◆ Instructions to follow ◆
Could you repeat the listing exactly, leaving out the pictures?
[[ Provided data open ]]
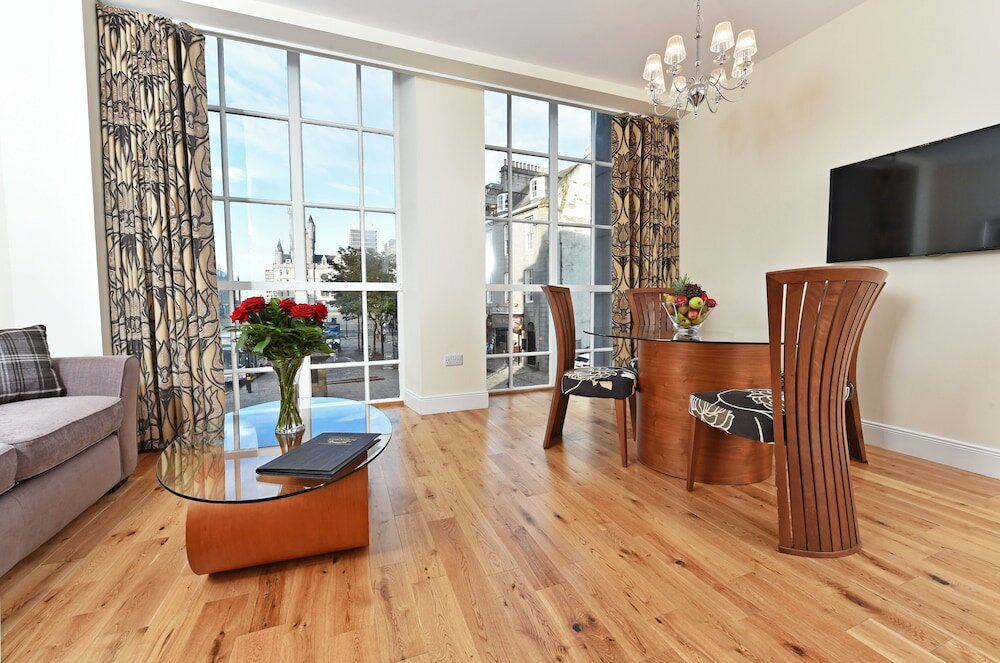 Фото Aberdeen Douglas Hotel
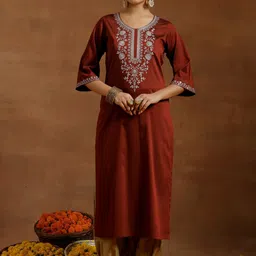 Gerua By Libas Ethnic Motifs Embroidered Flared Sleeves Thread Work Straight Kurta-picture-53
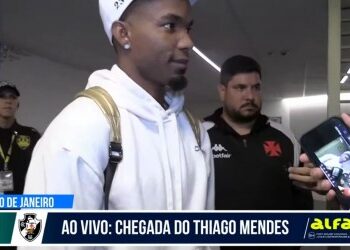 Thiago Mendes, nova aquisição do Vasco, desembarca no Rio de Janeiro.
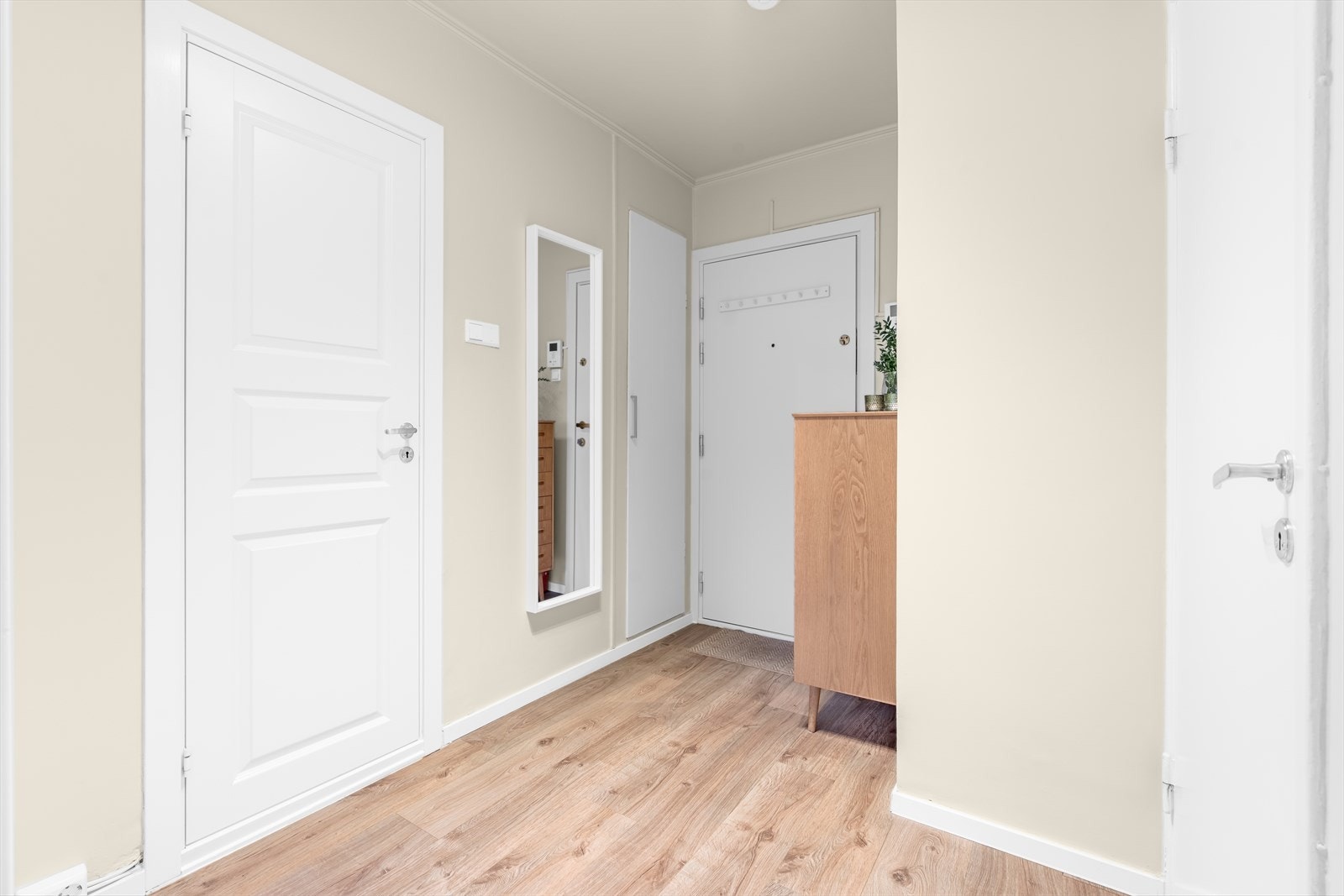 Leiligheten har en romslig og innbydende entré som gir et godt førsteinntrykk. Galleribilde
[[ Provided data closed ]]
◆ Result for this exercise ◆
 Фото Aberdeen Douglas Hotel
 Gerua By Libas Ethnic Motifs Embroidered Flared Sleeves Thread Work Straight Kurta-picture-53
 Thiago Mendes, nova aquisição do Vasco, desembarca no Rio de Janeiro.
 Leiligheten har en romslig og innbydende entré som gir et godt førsteinntrykk. Galleribilde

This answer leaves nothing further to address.